REQUIRED ACTION:
What is needed is every line, exactly as given, from the line containing "Hodiny - ti & hraj si s magnetkami" through the end of the data below.

[SOURCE DATA]

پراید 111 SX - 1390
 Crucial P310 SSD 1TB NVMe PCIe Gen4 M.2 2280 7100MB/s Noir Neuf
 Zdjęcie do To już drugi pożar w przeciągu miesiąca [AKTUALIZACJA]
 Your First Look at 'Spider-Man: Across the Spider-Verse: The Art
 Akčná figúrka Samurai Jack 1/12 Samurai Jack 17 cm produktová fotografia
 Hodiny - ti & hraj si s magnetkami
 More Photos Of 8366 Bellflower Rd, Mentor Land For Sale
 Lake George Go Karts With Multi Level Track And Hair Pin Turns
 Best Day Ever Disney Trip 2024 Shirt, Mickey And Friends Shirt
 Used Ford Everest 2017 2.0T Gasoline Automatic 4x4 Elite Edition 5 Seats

[/SOURCE DATA]

THE COMPLETED TASK:
 Hodiny - ti & hraj si s magnetkami
 More Photos Of 8366 Bellflower Rd, Mentor Land For Sale
 Lake George Go Karts With Multi Level Track And Hair Pin Turns
 Best Day Ever Disney Trip 2024 Shirt, Mickey And Friends Shirt
 Used Ford Everest 2017 2.0T Gasoline Automatic 4x4 Elite Edition 5 Seats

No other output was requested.